I think moving around and experiencing different cultures at a young age allowed me to appreciate diversity. When I think about it now, many of my friends looked different from me, ate different foods than I did and held different beliefs from my family. But that never occurred to me as a child. It was normal for me to be in that environment.

Did you have a favorite place growing up?

I have fond memories of each country. However, I lived in Australia at a time where I was just becoming old enough to appreciate friendships. I was there for four years – it hurt a lot when we left. I often reminisce about playing sports with my friends, being in classrooms and running around our backyard in Canberra. So, if I had to choose a favorite, it would be Australia. I actually went back last year for the first time. I even got the chance to meet up with a couple of my schoolmates.

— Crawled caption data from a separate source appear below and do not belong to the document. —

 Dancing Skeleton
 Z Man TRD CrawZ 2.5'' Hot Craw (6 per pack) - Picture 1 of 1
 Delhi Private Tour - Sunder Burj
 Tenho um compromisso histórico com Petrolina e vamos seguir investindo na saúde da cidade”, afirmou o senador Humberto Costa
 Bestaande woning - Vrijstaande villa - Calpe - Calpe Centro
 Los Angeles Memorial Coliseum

Your university degree was in political science. How did that translate to business?

My initial pursuit of business was unrelated to my academic education. At around 19, I became interested in investing. I started off with mutual funds that were sold to me by the bank. I then progressed to stocks and continued to advance from there. At some point in my young investing career I realized that I wanted to get into business. And that’s how it all started.

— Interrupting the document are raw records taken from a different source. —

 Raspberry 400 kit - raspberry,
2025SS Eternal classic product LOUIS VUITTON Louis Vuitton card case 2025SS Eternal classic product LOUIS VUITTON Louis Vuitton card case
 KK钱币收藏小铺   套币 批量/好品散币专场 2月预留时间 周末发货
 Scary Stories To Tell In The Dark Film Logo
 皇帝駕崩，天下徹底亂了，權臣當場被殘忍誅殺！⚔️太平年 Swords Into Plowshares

However, if I could go back I would still do a degree in political science. A lot of my work today requires reading complex documents and critical analysis. That subject dovetails perfectly with what I do today. As well, I’m genuinely interested in politics and international relations.

In fact, I never took a business course in school. I don’t know much about the academic curricula. But my experience is that business requires quick thinking, calculated decision-making and the ability to operate under pressure. I don’t know if textbooks and lectures can teach that. Obviously, there’s more to commerce than my personal experience. I’m just saying that business requires expertise in skills that, I think, have to be learned on the job.

How did you get into lending?

I had a friend who needed a loan several years ago. I think I realized that one can charge interest on a loan and earn a profit. That’s probably what sparked it.

However, at that time I was also investing in various loan-based businesses, like mortgage investment corporations. So, I was already interested in that kind of investment. I just never assumed that I could be a lender, myself.

Over the years, I funded several more loans. That eventually turned into a business for me. It’s also the cornerstone of my portfolio. It has culminated in Pacific Income Limited Partnership, along with other financing companies that I currently operate.

Do you have any concerns about the lending space?

I’m not concerned about lending in general. Obviously, each deal has its own potential risks and rewards. However, I do have reservations about commercial properties, such as strip malls and offices. This kind of real estate is becoming decreasingly relevant. Much of today’s business is conducted online. Websites like Amazon, and the internet in general, is making it easier for people to work, buy and sell from the comfort of their smartphones. There’s less of a demand for working space. For that reason, I’m more reluctant than ever to finance those kinds of projects.